_Scraped caption text data_:

########

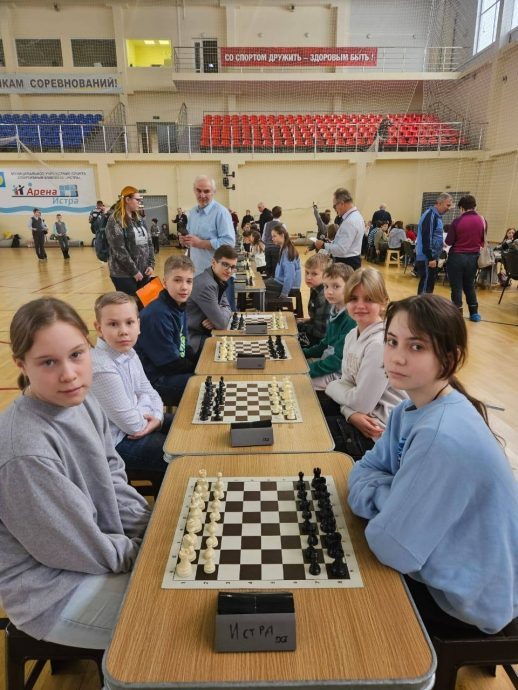 В рамках партийного проекта «Детский спорт» прошли командные соревнования по шахматам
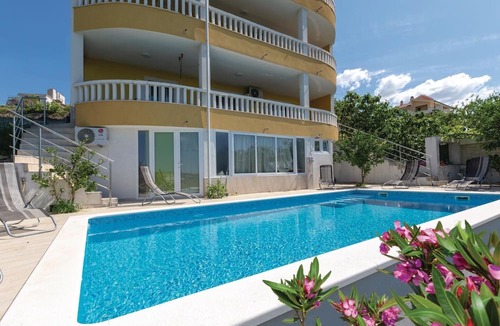 Kucine Apartment | Lovely apartment in Zrnovnica with WiFi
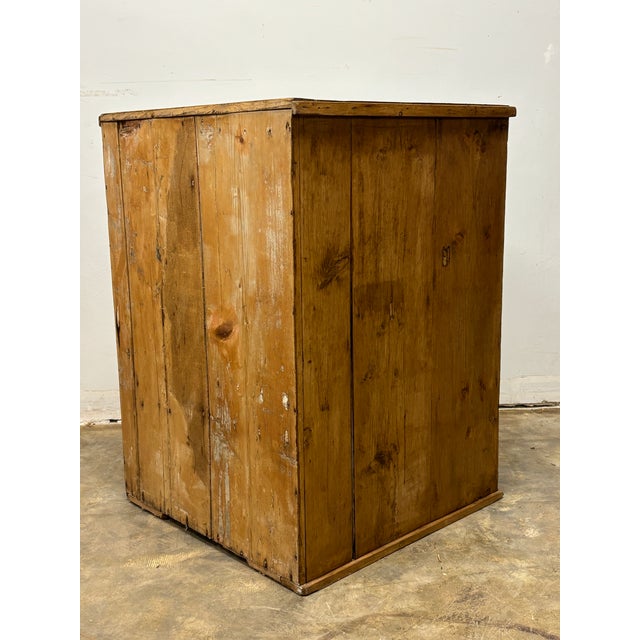 Brown Georgian Era English Pine Chest For Sale - Image 8 of 9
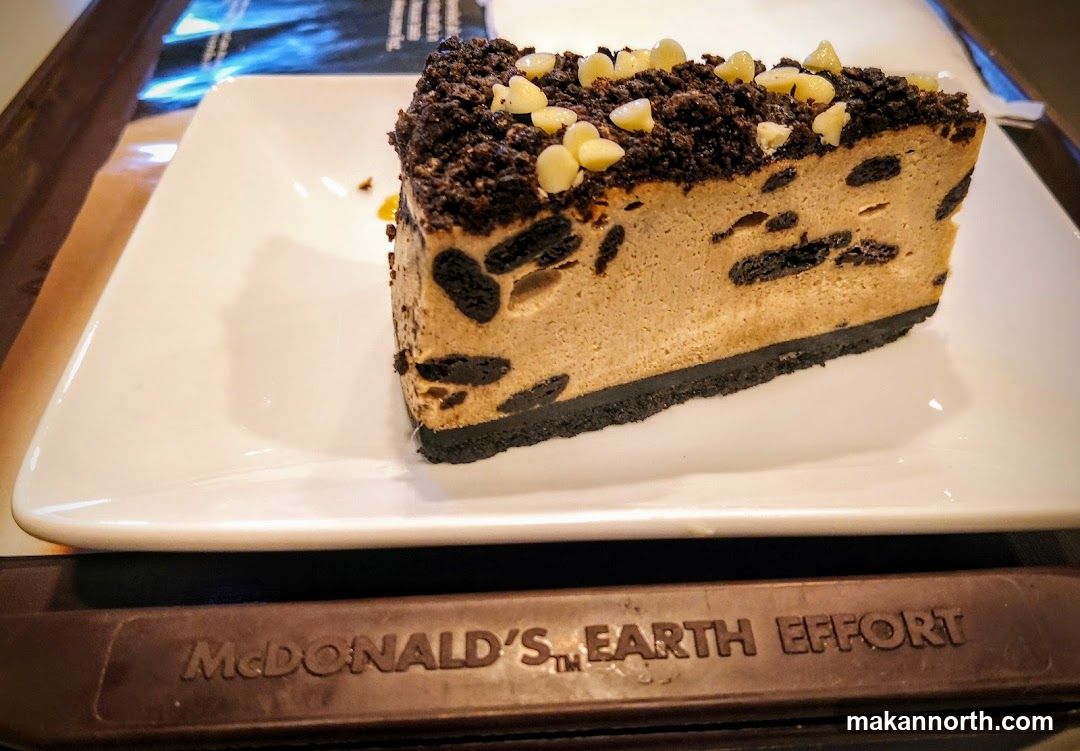 Oreo Cheesecake Slice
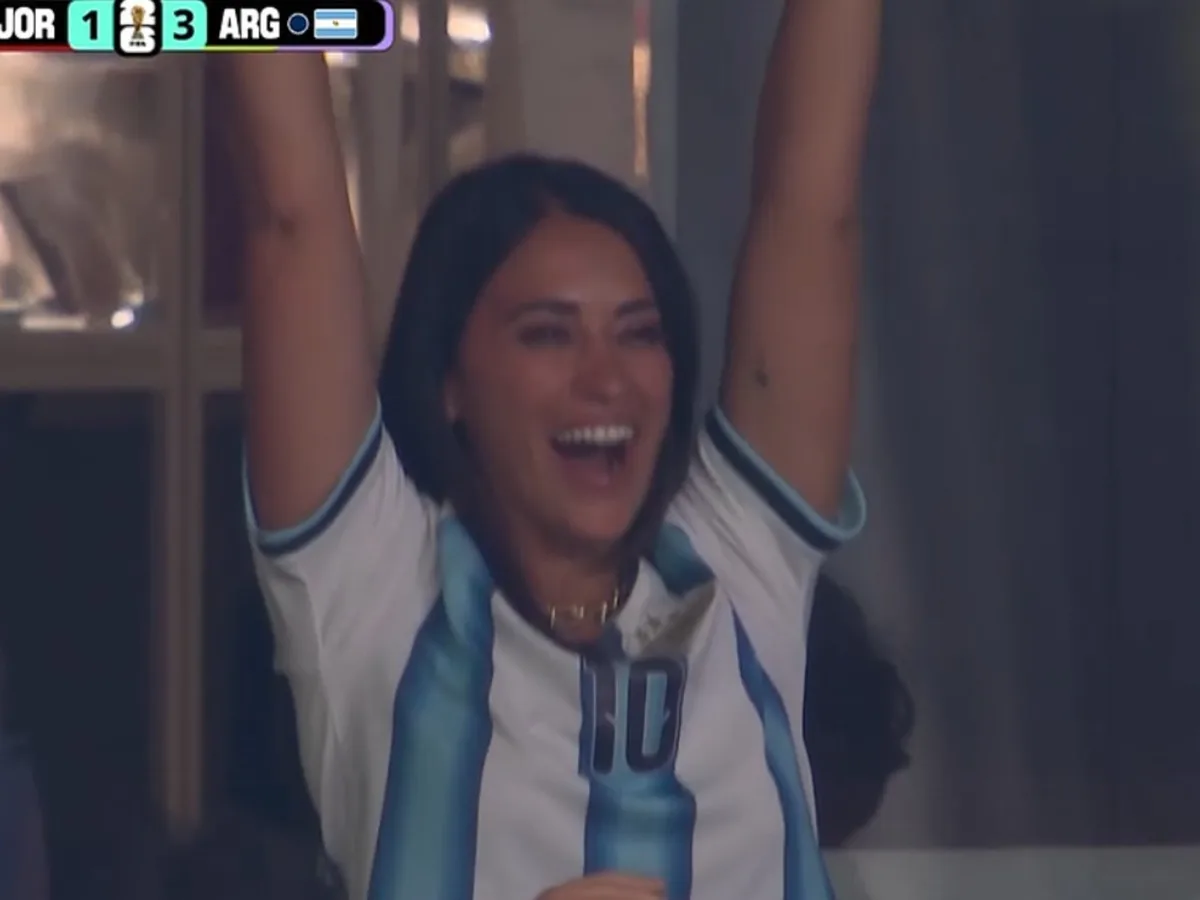 Antonela Roccuzzo explotó de alegría con el gol de Messi y De Paul le regaló un caramelo a Maxi López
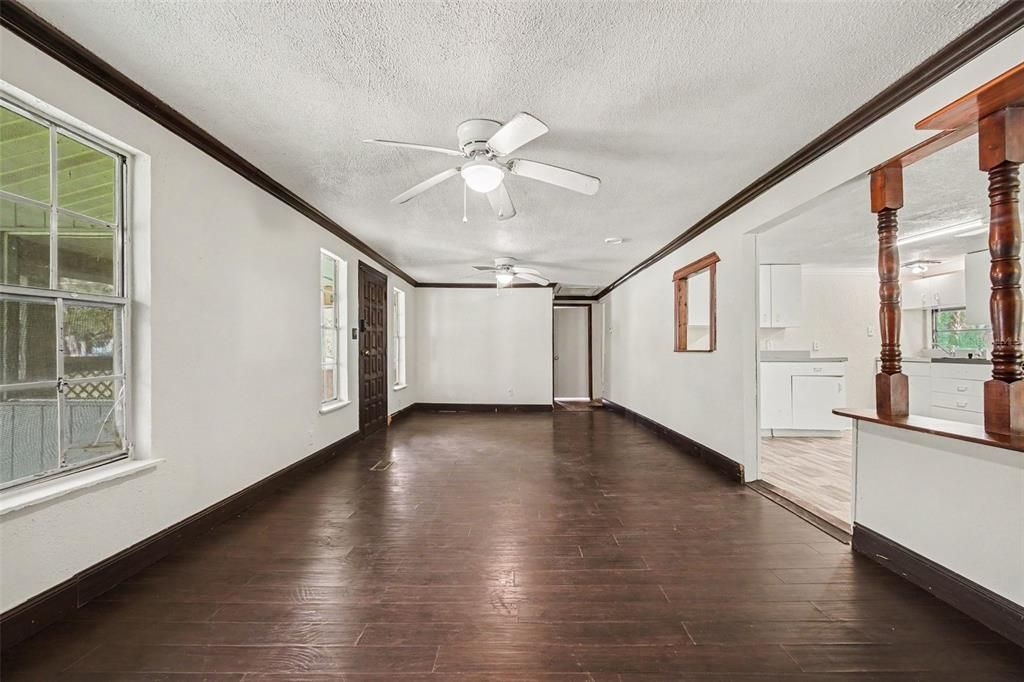 En Venta: $139,900 (3 camas, 1 baños, 1072 Pies cuadrados)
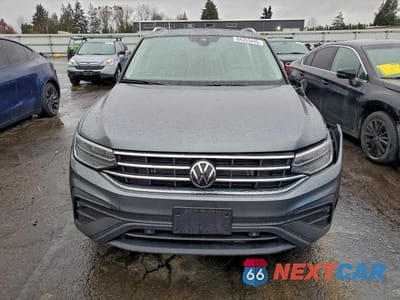 Piąte zdjęcie samochodu w środku: 2024 VOLKSWAGEN TIGUAN SE VIN:3VVMB7AX7RM039728 - miniatura
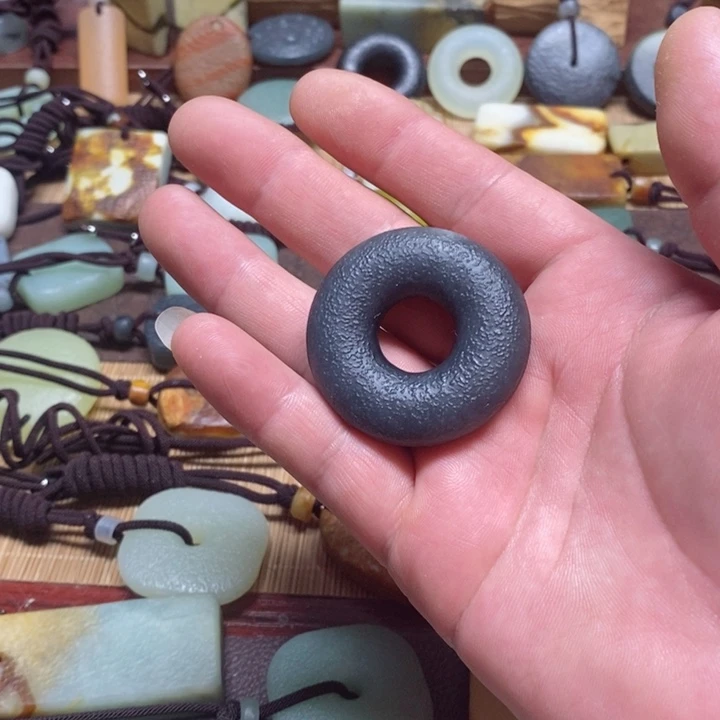 蛇纹石玉挂件未镶嵌@****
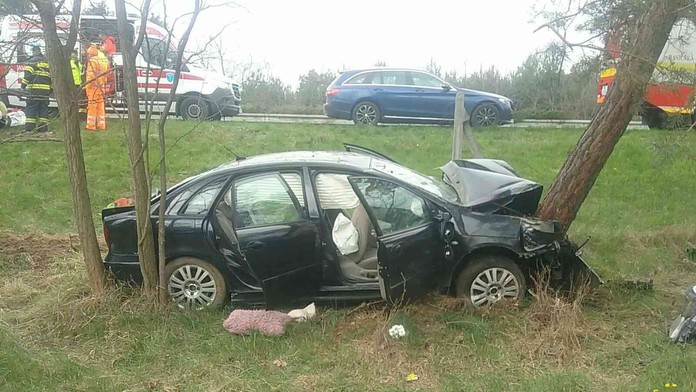 Štyria zranení po nehode na D2. Pre pristávanie vrtuľníka uzavreli diaľnicu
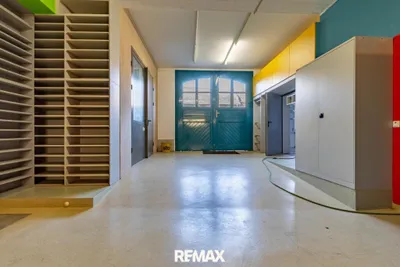 3-Zimmer-Haus kaufen in Hollabrunn – 200 m², € 399.000 – Bild 2 von 35
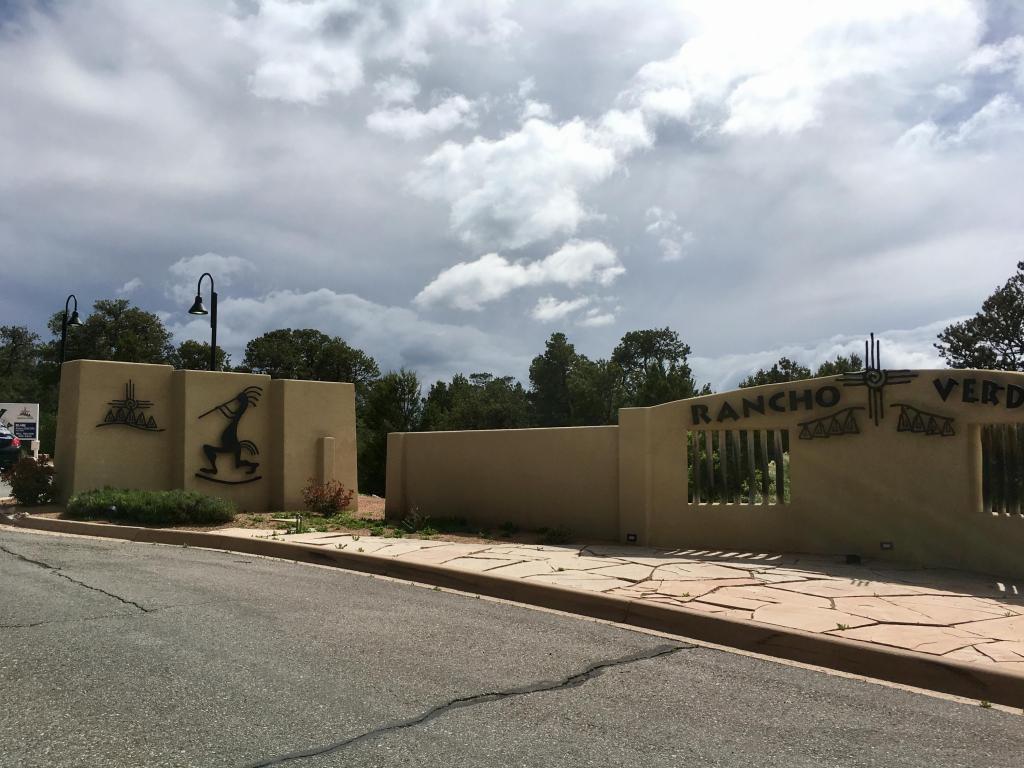 Via Sedillo, Tijeras, NM 87059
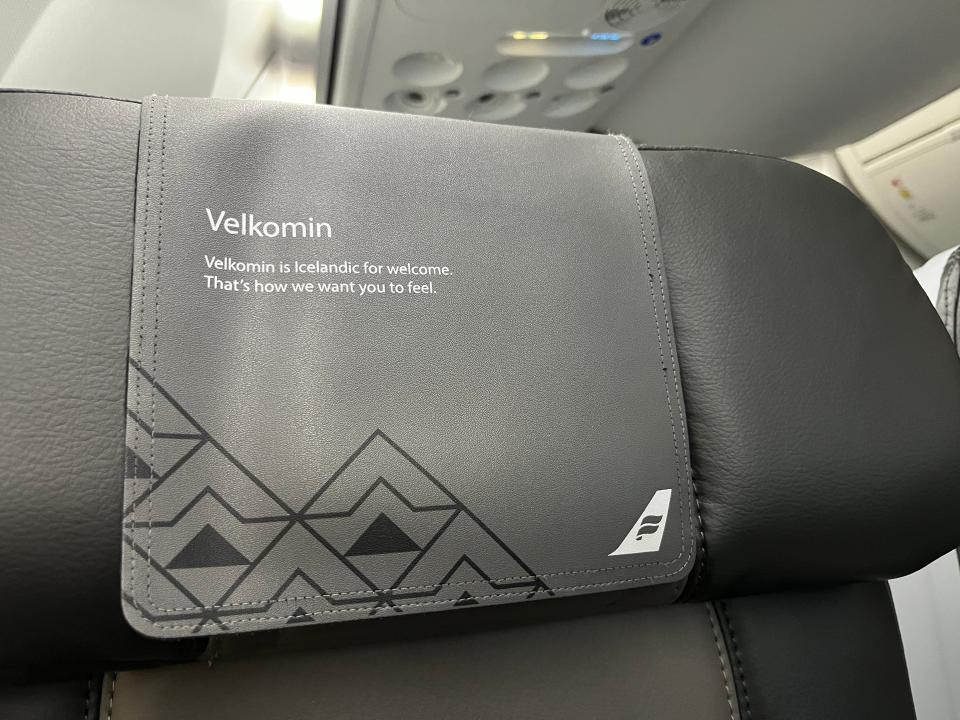 A welcome sign on the seats of IcelandAir.
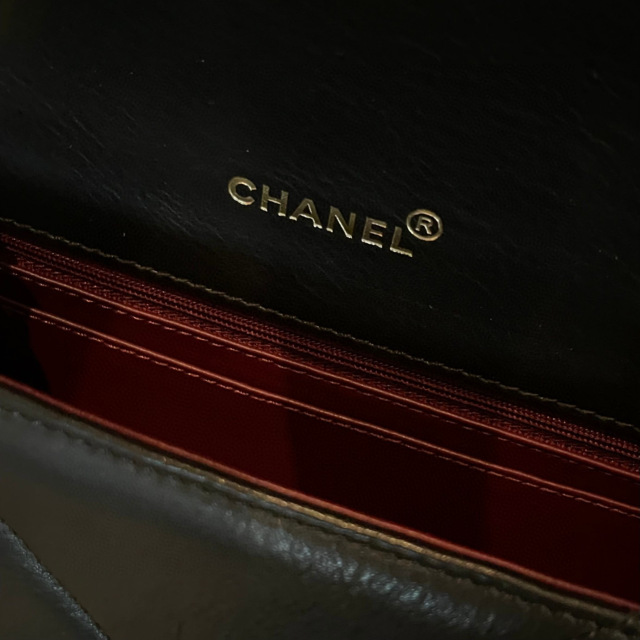 Dimensioni busta Chanel: 24*20*8cm
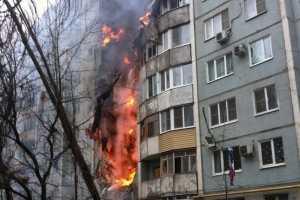 Жители взорвавшегося в Волгограде дома рассказали, что одна из квартир была напичкана боеприпасами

########

_To do_:
The line containing "Dimensioni busta Chanel: 24*20*8cm" marks the end: copy exactly every line from the start of the records up to and including it, leaving out the pictures.

_Solved exercise_:
 В рамках партийного проекта «Детский спорт» прошли командные соревнования по шахматам
 Kucine Apartment | Lovely apartment in Zrnovnica with WiFi
 Brown Georgian Era English Pine Chest For Sale - Image 8 of 9
 Oreo Cheesecake Slice
 Antonela Roccuzzo explotó de alegría con el gol de Messi y De Paul le regaló un caramelo a Maxi López
 En Venta: $139,900 (3 camas, 1 baños, 1072 Pies cuadrados)
 Piąte zdjęcie samochodu w środku: 2024 VOLKSWAGEN TIGUAN SE VIN:3VVMB7AX7RM039728 - miniatura
 蛇纹石玉挂件未镶嵌@****
 Štyria zranení po nehode na D2. Pre pristávanie vrtuľníka uzavreli diaľnicu
 3-Zimmer-Haus kaufen in Hollabrunn – 200 m², € 399.000 – Bild 2 von 35
 Via Sedillo, Tijeras, NM 87059
 A welcome sign on the seats of IcelandAir.
 Dimensioni busta Chanel: 24*20*8cm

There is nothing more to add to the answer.